La más reciente noticia criminal que nos golpea como sociedad es el caso del secuestro de un niño preadolescente en Jamundí, Valle del Cauca, inicialmente presentado como un hecho extorsivo.
Sin embargo, las informaciones recientes apuntan ahora a un ajuste de cuentas entre mafias, un episodio más en la lógica de venganzas y cobros violentos entre grupos criminales. Este hecho no se limita a un caso aislado: revela una red mucho más amplia que involucra intereses mafiosos que atraviesan todo el Valle del Cauca y se proyectan hacia redes internacionales. La noticia no llega sola: se enmarca en un contexto donde, según cifras recientes de Naciones Unidas, la producción y circulación de drogas ilícitas ha crecido, y donde las violencias asociadas se reciclan, renovando guerras pasadas y reactualizando botines históricos de las mafias.
El narcotráfico y las mafias en Colombia no son fenómenos recientes ni aislados. Tienen una genealogía profunda, una saga intergeneracional que ha moldeado prácticas, códigos y estilos de vida en diversos enclaves del país. Hoy asistimos a una peligrosa confluencia: por lo menos tres generaciones de mafias —desde los viejos capos reciclados hasta los emergentes violentos— se enfrentan en diversos escenarios por el control de antiguas fortunas acumuladas, territorios, rutas y mercados. Esta lucha no solo se libra con fusiles, sino con dinero, alianzas políticas, vínculos con redes empresariales y corrupción de instituciones. Se ha ampliado incluso a escenarios transnacionales, extendiéndose a lo largo de América Latina, lo que evidencia la magnitud del problema y el tipo de desafío que enfrentamos.

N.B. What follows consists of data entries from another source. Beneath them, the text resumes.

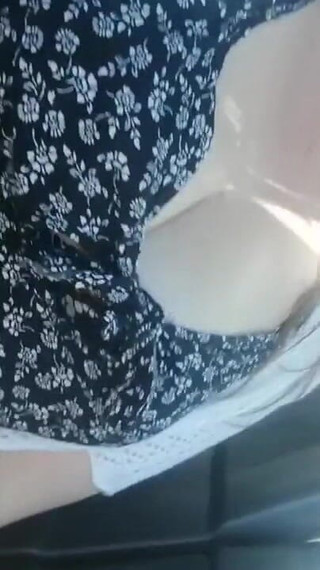 Quick Cleavage Flash in the Car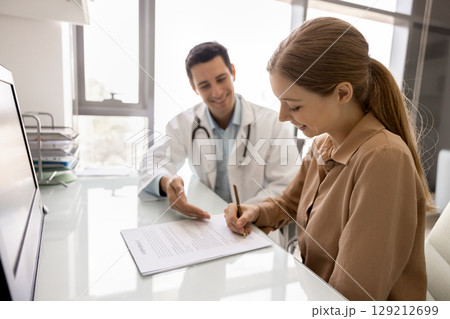 Positive male doctor pointing at contract for patient put signature Positive male doctor pointing at contract for patient put signature 129212699
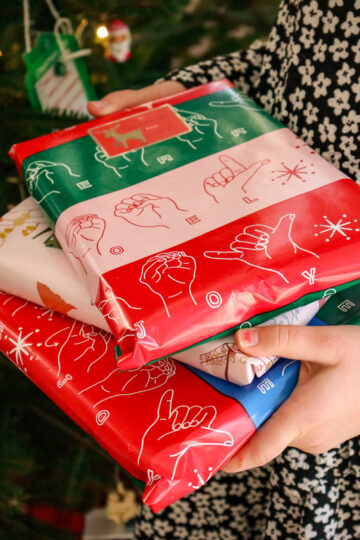 A young girl holds a pile of gifts.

El Estado y la sociedad colombiana tienen ante sí el mayor reto de las últimas décadas: enfrentar un fenómeno criminal en expansión, que combina violencia armada, captura institucional, penetración territorial y poder económico. Las instituciones democráticas —no cualquier actor— tienen la obligación y la responsabilidad histórica de proteger la vida y la dignidad de la población. Pero la pregunta es urgente y dolorosa: ¿están realmente cumpliendo con este mandato? Sabemos que el país ya ha vivido oleadas violentas similares; sin embargo, lo que hoy se configura es una guerra renovada, con viejas castas mafiosas enfrentadas a nuevos actores en disputas sangrientas. No se trata solo de criminales armados. Detrás de estas tragedias se esconden redes legales y paraestatales, formas de encubrimiento empresarial, intereses inmobiliarios y políticos, que permiten y alimentan este ciclo de violencia.
Es inevitable entonces preguntar: ¿Dónde está la política criminal del Estado frente a esta realidad? ¿Qué se está haciendo para golpear las finanzas de estas organizaciones, intervenir sus redes logísticas y desmantelar las alianzas entre lo legal y lo ilegal? ¿Qué acciones concretas se están tomando para frenar el desangre nacional que ya no da tregua? Lastimosamente, hasta ahora, no hay respuestas contundentes y frente a esta ausencia, la ciudadanía sigue preguntando, con razón y con temor: ¿quién responde?